Data provided
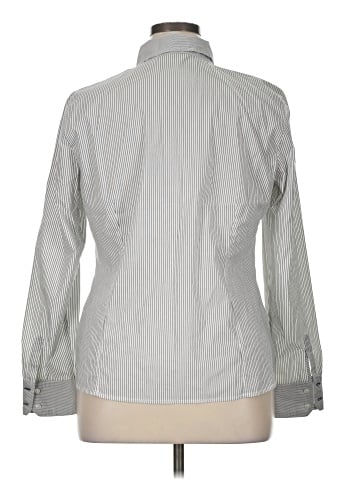Attention Long Sleeve Button-Down Shirt (view 2)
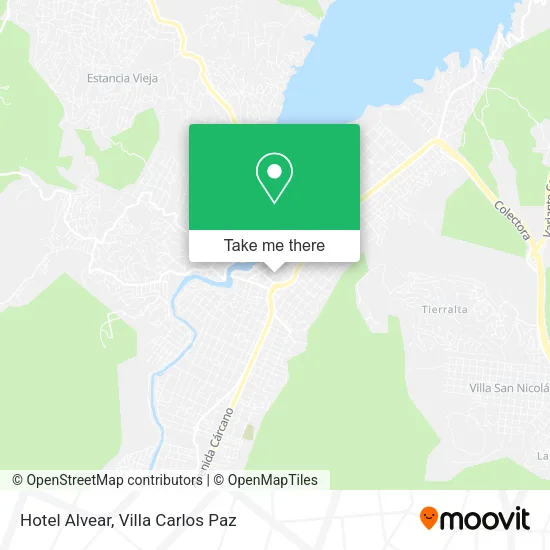 Hotel Alvear map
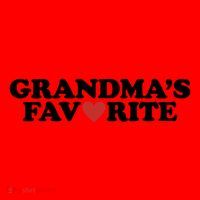 Grandmas Favorite Red Heart Cute Gift Santa Hat thumb 1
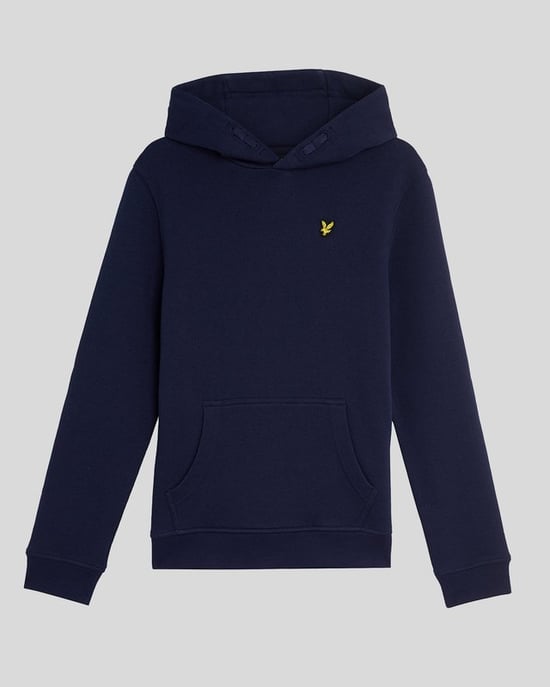 Lyle & Scott Jungen Loopback-Baumwoll-Hoodie - Marineblau - Image 3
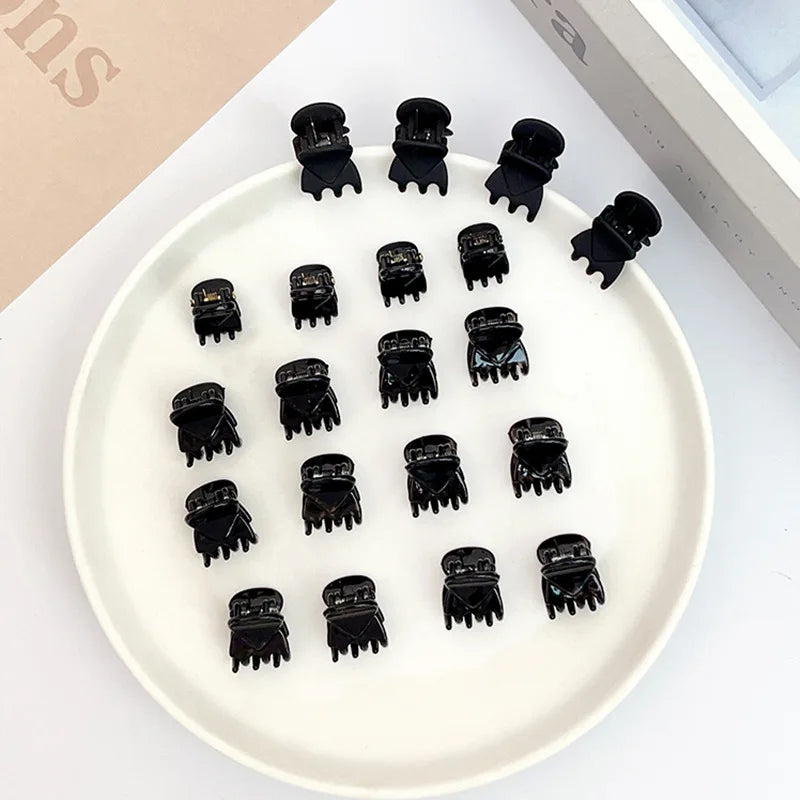 Black Small Hair Claw For Women Girls Sweet Hair Ornament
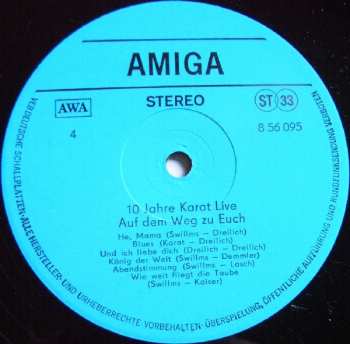 2LP Karat: 10 Jahre - Auf Dem Weg Zu Euch - Live (2xLP)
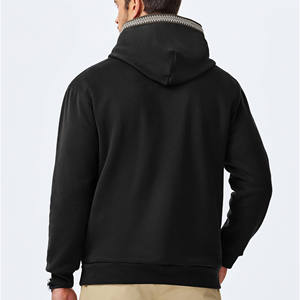 2025 Venta al por mayor logotipo personalizado bordado Streetwear sudaderas con capucha fabricante Drop Shoulder French Terry Cropped Boxy Hoodies para hombres - Product Image 3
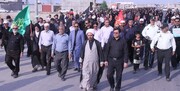 فیلم| پیاده روی دیار عاشورایی چغادک در سالروز شهادت شمس الشموس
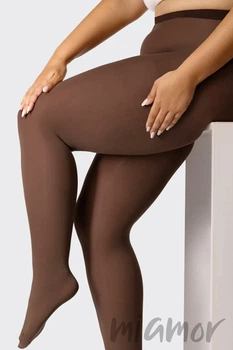 Колготки большого размера Mona Elizabeth ll 70 den 6 Black Coffee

Problem to work on
Down to the final line, restate the material above word for word, but omit its pictures.

Response to this task
Attention Long Sleeve Button-Down Shirt (view 2)
 Hotel Alvear map
 Grandmas Favorite Red Heart Cute Gift Santa Hat thumb 1
 Lyle & Scott Jungen Loopback-Baumwoll-Hoodie - Marineblau - Image 3
 Black Small Hair Claw For Women Girls Sweet Hair Ornament
 2LP Karat: 10 Jahre - Auf Dem Weg Zu Euch - Live (2xLP)
 2025 Venta al por mayor logotipo personalizado bordado Streetwear sudaderas con capucha fabricante Drop Shoulder French Terry Cropped Boxy Hoodies para hombres - Product Image 3
 فیلم| پیاده روی دیار عاشورایی چغادک در سالروز شهادت شمس الشموس
 Колготки большого размера Mona Elizabeth ll 70 den 6 Black Coffee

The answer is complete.